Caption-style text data
───

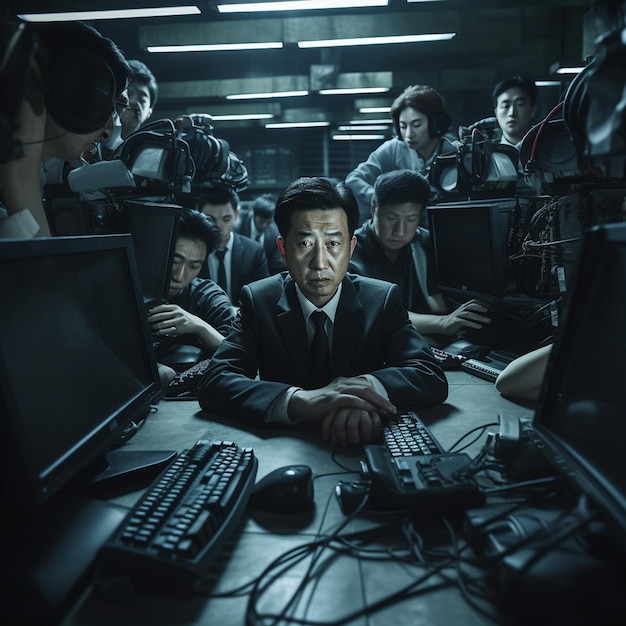 スーツを着た男性がコンピューターの前に座っており、背景には人々がいます。
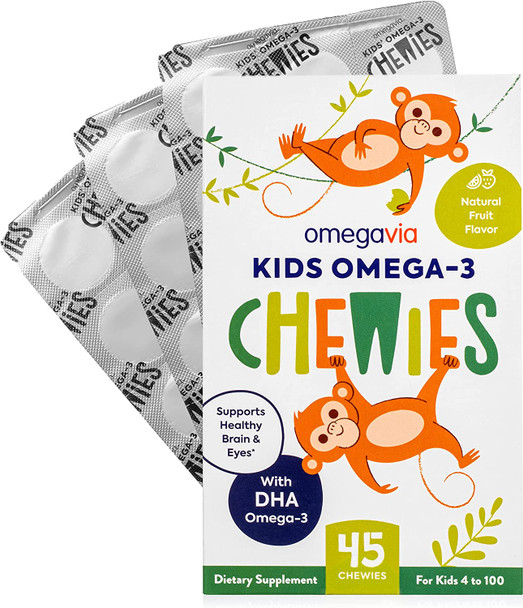 Omega 3 Fish Oil Gummies  UltraHigh DHA Chewable Gel Gummy  Omega 3 for Kids Supports Brain Eyes  Bones  SugarFree Natural Fruit Flavor  Kids Omega 3 Gummies 45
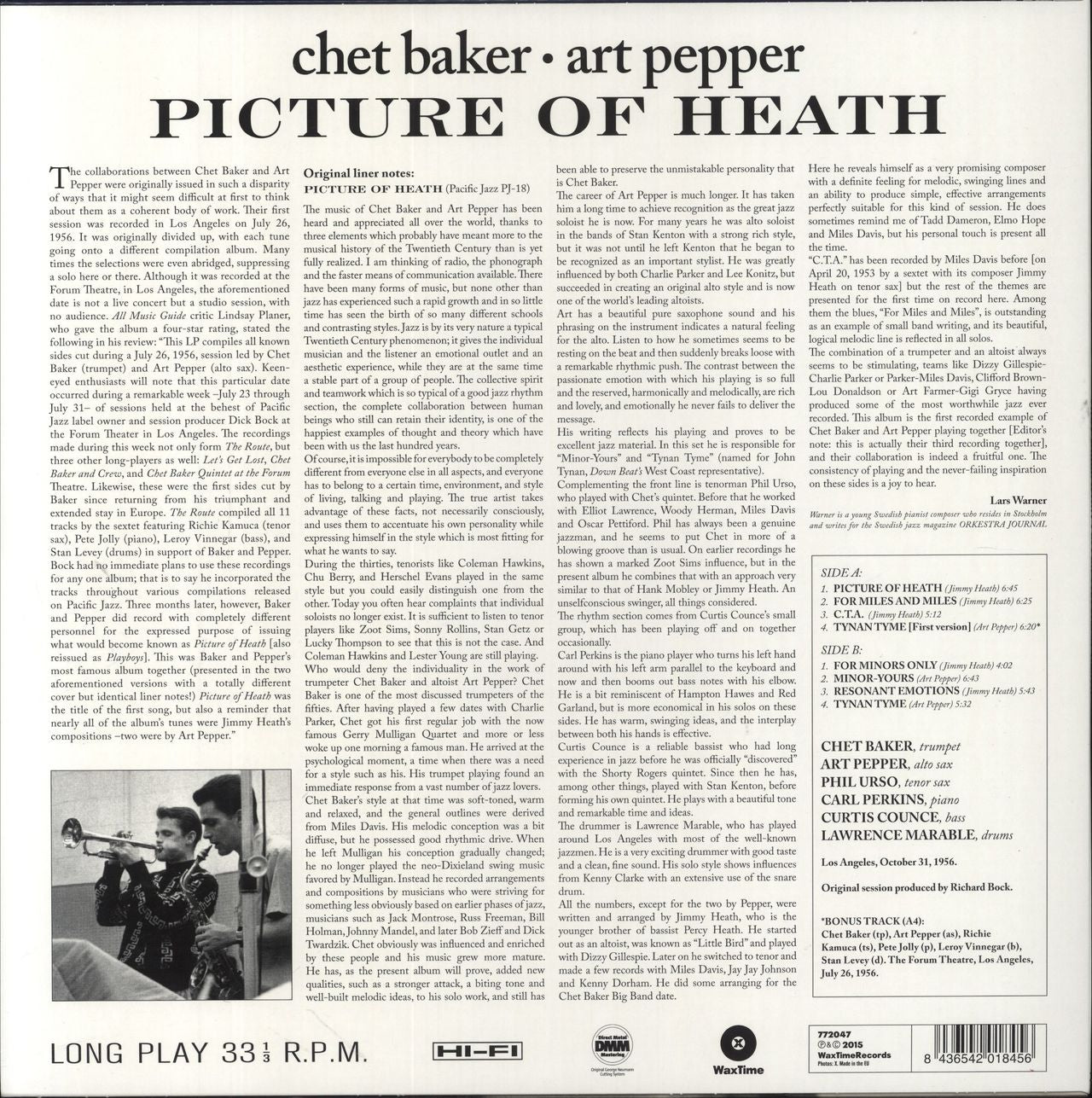 Chet Baker Picture Of Heath - 180gm Vinyl UK Vinyl LP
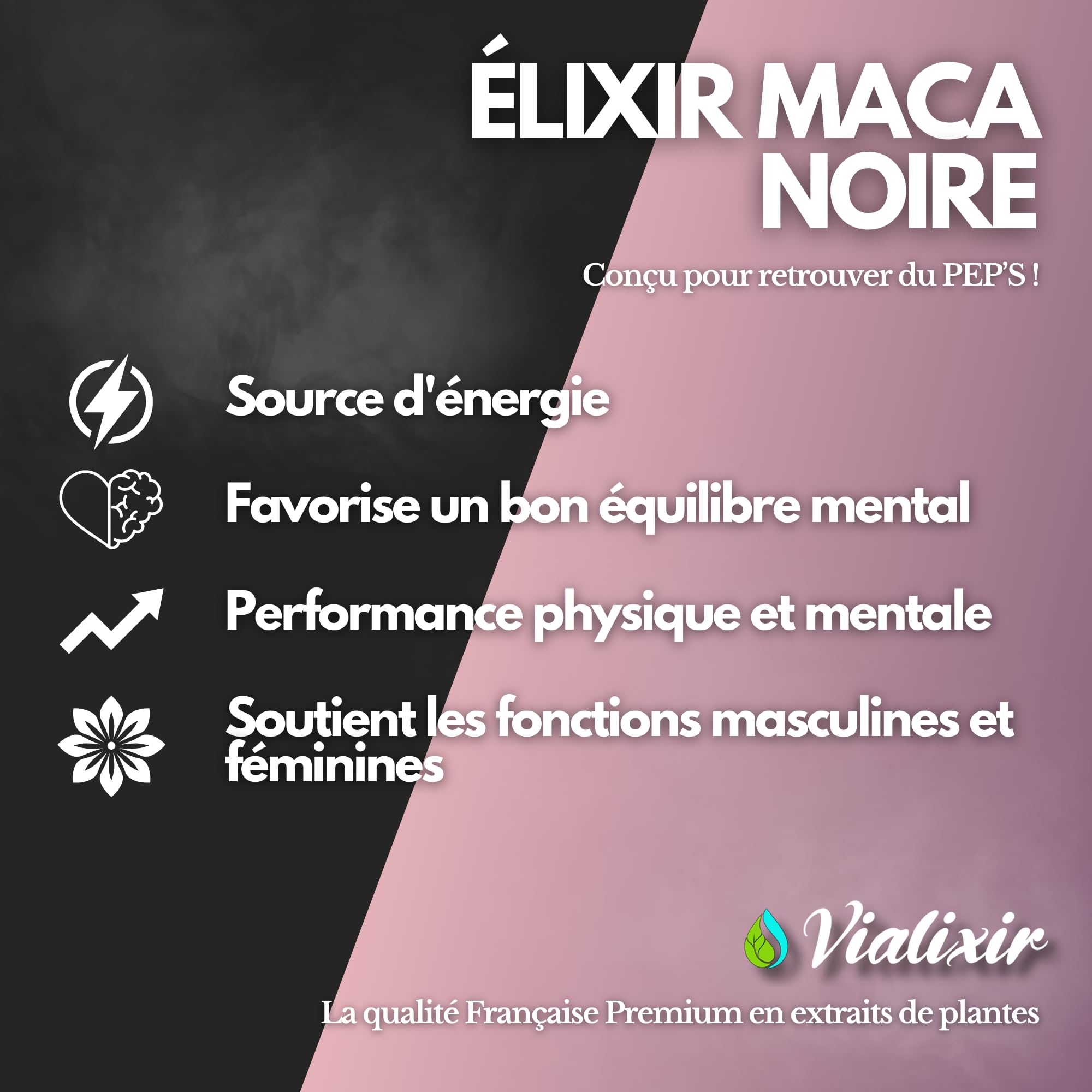 Maca Noire 20 000mg/jour Extra Forte | 90 Gélules Végan | Energie Equilibre Hormonal Détente I Extrait de Racine du Pérou concentré 10:1 I Ginseng Péruvien Made in France -Vialixir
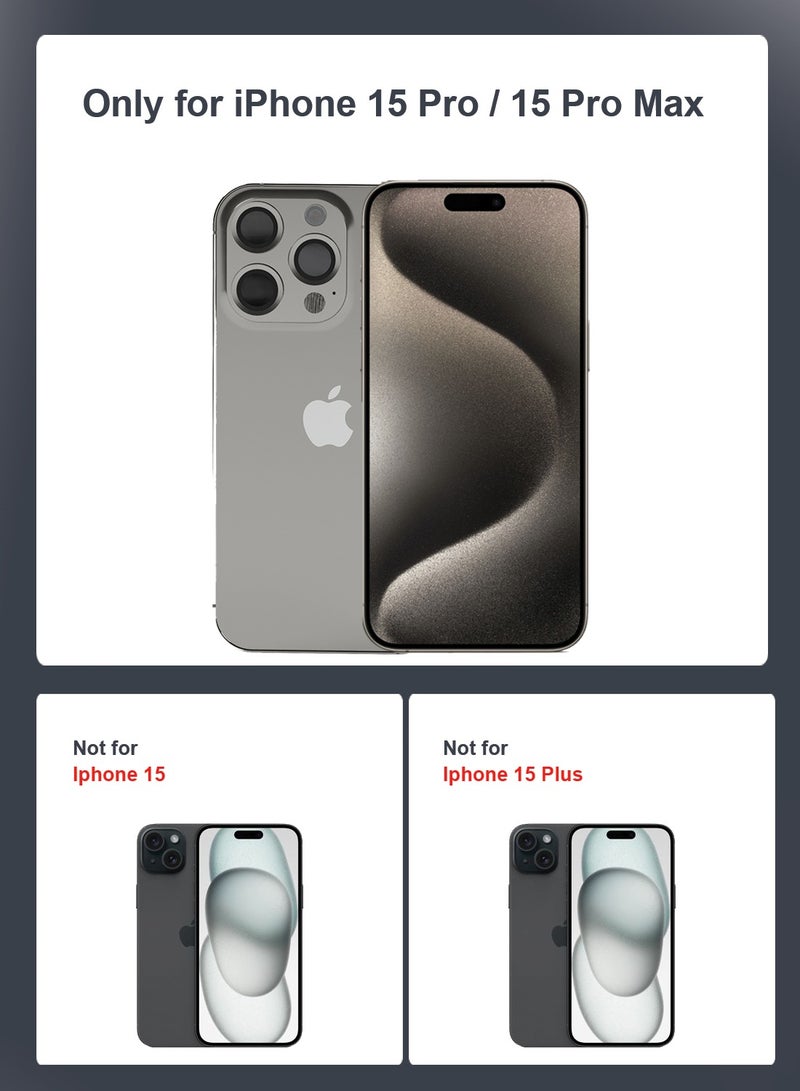 ماكس آند ماكس واقي عدسة الكاميرا لهاتف iPhone 15 Pro / 15 Pro Max - زجاج شفاف مقسّى مع حواف من الألومنيوم، طلاء مضاد للانعكاس، واقي عدسة مقاوم للخدش - تيتانيوم طبيعي - Image 3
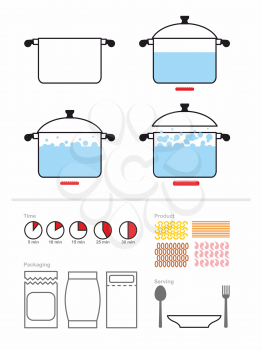 Manual cooking in a saucepan. Set to manual on preparation, cooking pasta or shrimp. Includes product packaging. And the cooking time. Vector illustration. Infographics for recipes Cook. Food cooking 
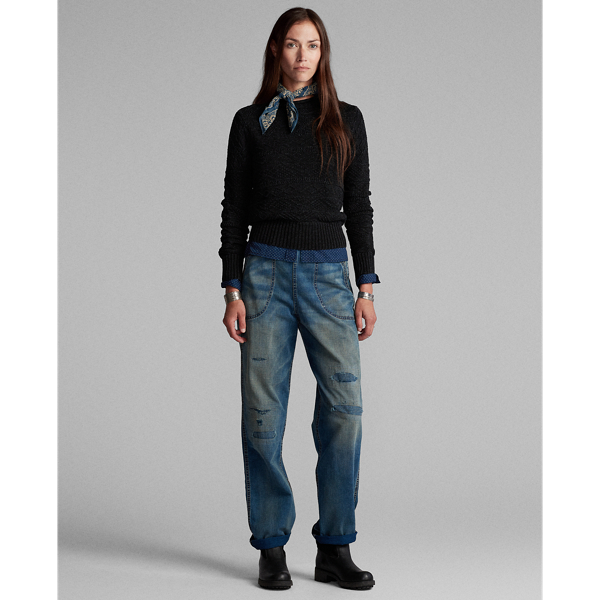 Black Indigo Cotton-Linen Jumper RRL 3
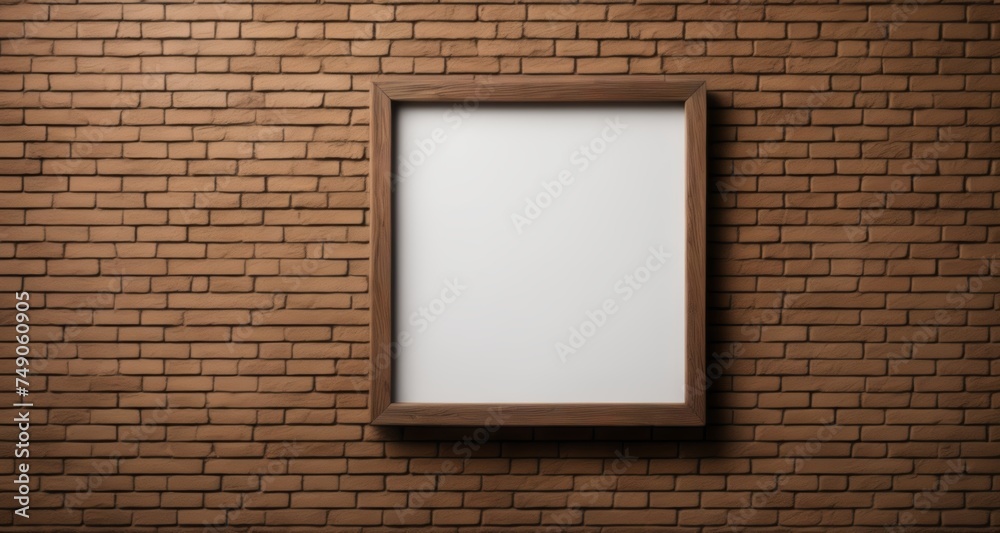 Empty canvas on brick wall, waiting for inspiration Empty canvas on brick wall, waiting for inspiration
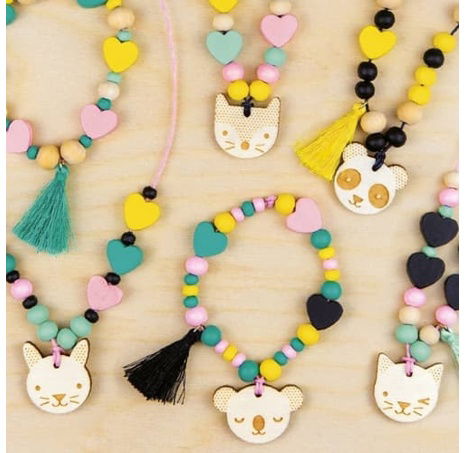 Petit Collage Kreativní kufřík Dřevěné šperky se zvířátky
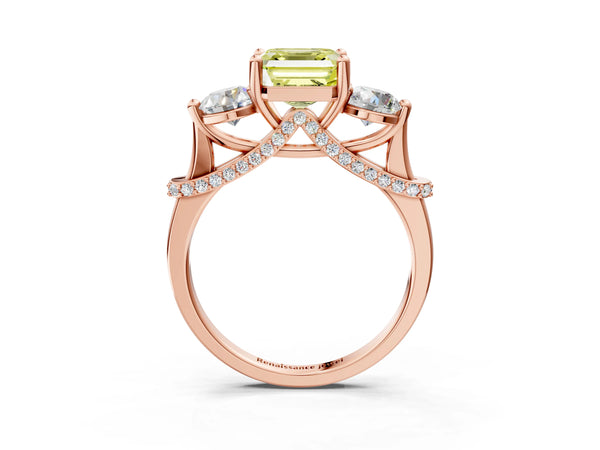 Rose Gold Asscher Cut Curved Pave Three Stone Engagement Ring Setting for Fancy Yellow Center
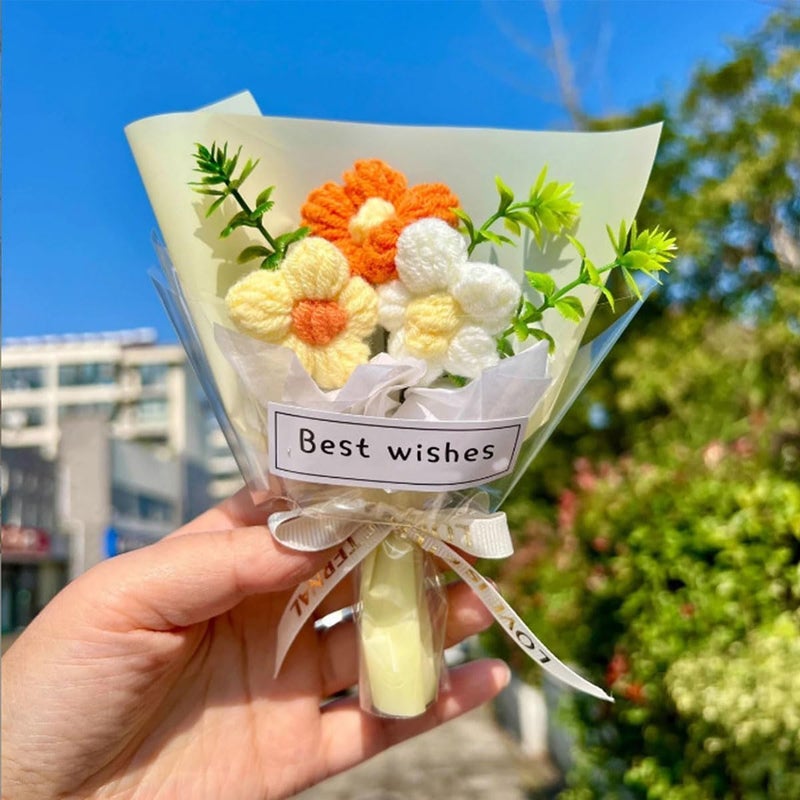 7Pcs Mini Crochet Flowers Bouquet Handmade Small Crochet Flower Bouquets for Wedding Birthday Party Decor Good Artificial Flowers, Gift for Home Office Car Decoration (12x18cm, 7 Colors) - Image 2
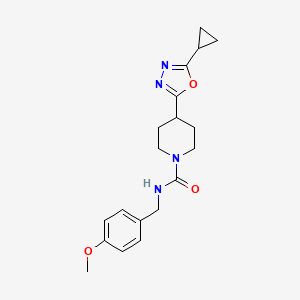 molecular formula C19H24N4O3 B2757943 4-(5-cyclopropyl-1,3,4-oxadiazol-2-yl)-N-(4-methoxybenzyl)piperidine-1-carboxamide CAS No. 1170635-46-7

───

What is needed is an exact retyping of the lines from the start of the data through the line with "Manual cooking in", with both end lines kept and every picture left out.

EXERCISE OUTPUT
 スーツを着た男性がコンピューターの前に座っており、背景には人々がいます。
 Omega 3 Fish Oil Gummies  UltraHigh DHA Chewable Gel Gummy  Omega 3 for Kids Supports Brain Eyes  Bones  SugarFree Natural Fruit Flavor  Kids Omega 3 Gummies 45
 Chet Baker Picture Of Heath - 180gm Vinyl UK Vinyl LP
 Maca Noire 20 000mg/jour Extra Forte | 90 Gélules Végan | Energie Equilibre Hormonal Détente I Extrait de Racine du Pérou concentré 10:1 I Ginseng Péruvien Made in France -Vialixir
 ماكس آند ماكس واقي عدسة الكاميرا لهاتف iPhone 15 Pro / 15 Pro Max - زجاج شفاف مقسّى مع حواف من الألومنيوم، طلاء مضاد للانعكاس، واقي عدسة مقاوم للخدش - تيتانيوم طبيعي - Image 3
 Manual cooking in a saucepan. Set to manual on preparation, cooking pasta or shrimp. Includes product packaging. And the cooking time. Vector illustration. Infographics for recipes Cook. Food cooking 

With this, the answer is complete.